Valerie Tiberius is Professor of Philosophy at the University of Minnesota, an institution she has been affiliated with since 1998. She has published numerous reviewed papers, as well as five books - Deliberation about the Good: Justifying What We Value; The Reflective Life: Living Wisely With Our Limits; Moral Psychology: A Contemporary Introduction; Well-Being as Value Fulfillment: How We Can Help Each Other to Live Well; and What Do You Want Out of Life? A Philosophical Guide to Figuring Out What Matters. Much of her work has taken a practical, empirical approach to philosophical questions, trying to show how these disciplines can improve the world for the better.

Education and career
Tiberius received a bachelor's degree in philosophy from the University of Toronto in 1990, before going on to receive a master's and doctorate in philosophy from the University of North Carolina at Chapel Hill in 1992 and 1997, respectively. Her doctoral thesis was titled Deliberation About the Good, which later became the basis for her first book.  After receiving her doctorate, Tiberius accepted a position as assistant professor at Franklin and Marshall College, before accepting an assistant professorship at the University of Minnesota, Twin Cities in 1998.  She was promoted to associate professor in 2004, and to full professor in 2011.

Research areas
Tiberius's work has focused on ethics and moral psychology, with a special interest in applying Humean principles to modern philosophical questions.  Much of her work is centered at the junction of practical philosophy and practical psychology, examining how both disciplines can meaningfully improve lives.
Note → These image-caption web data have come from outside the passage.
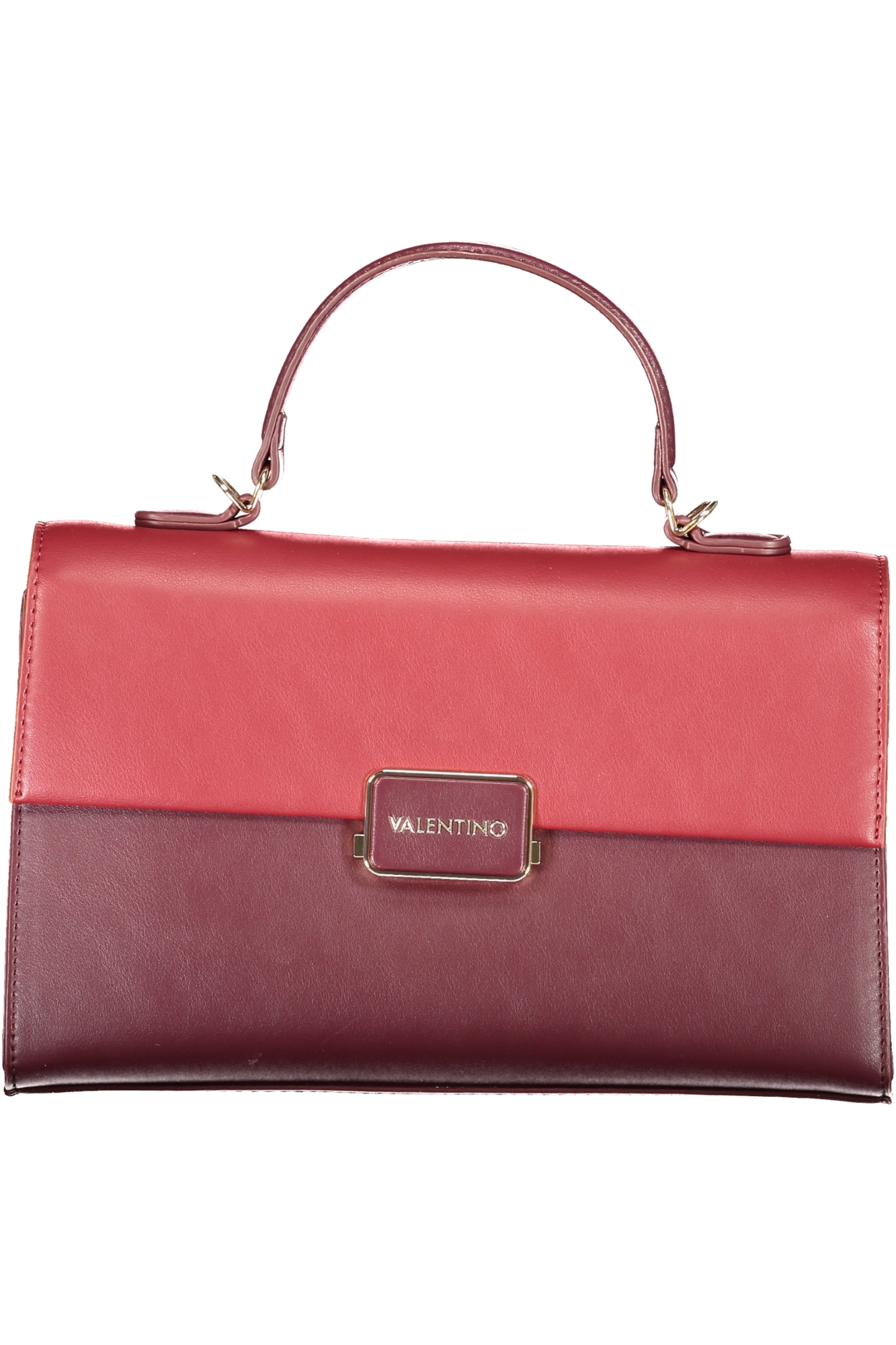 VALENTINO BAGS BORSA DONNA ROSSO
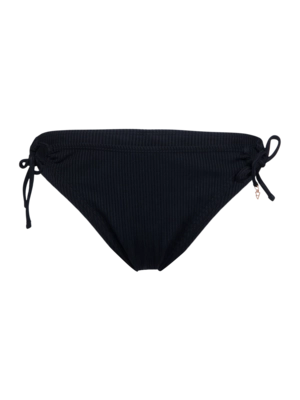 Bikinibroekje Brunotti Women Nolestina-Rib Bottom Black Regular Fit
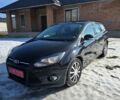 Чорний Форд Фокус, об'ємом двигуна 1.6 л та пробігом 224 тис. км за 7600 $, фото 1 на Automoto.ua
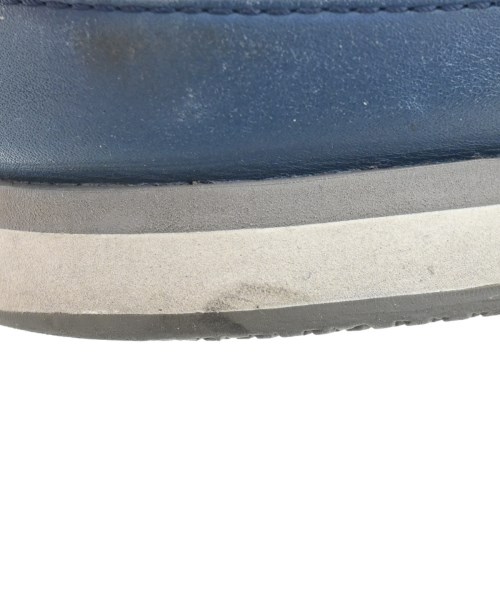 PRADA SPORT（プラダスポーツ）その他 紺 サイズ:UK8(27cm位) メンズ/2200682920018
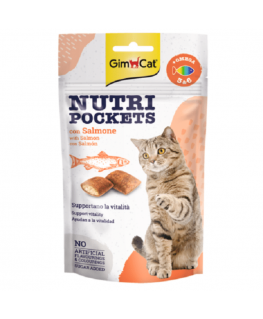 Konservēta barība kaķēniem - Gimborn SHINYCAT JELLY KITTEN CHICK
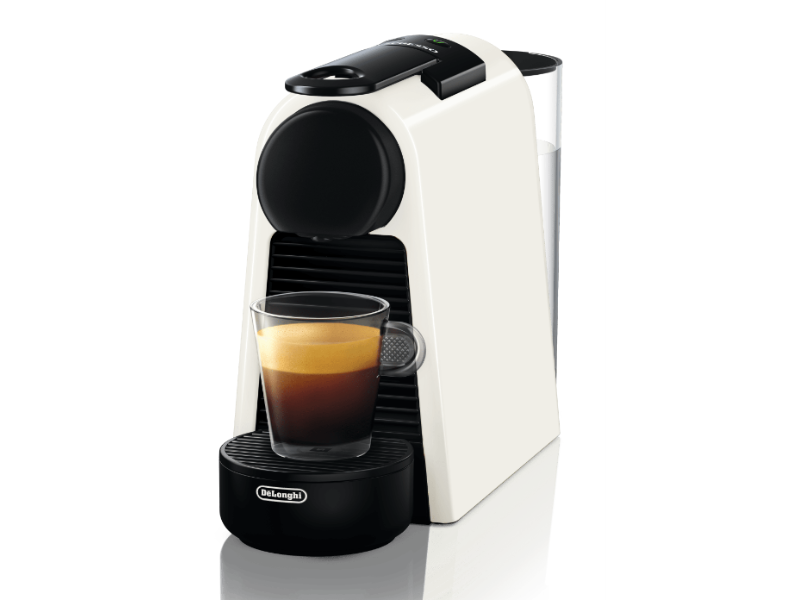 Nespresso Inissia Coffee Pod machine – Black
Much of her work takes a non-traditional empirical approach to traditional philosophical questions.

Publications
Tiberius has published a number of peer-reviewed papers, as well as five books - Deliberation about the Good: Justifying What We Value; The Reflective Life: Living Wisely with our Limits;  Moral Psychology: A Contemporary Introduction; Well-Being as Value Fulfillment: How We Can Help Each Other to Live Well; and What Do You Want Out of Life? A Philosophical Guide to Figuring Out What Matters.  She has also contributed numerous other book chapters, introductions, and other articles.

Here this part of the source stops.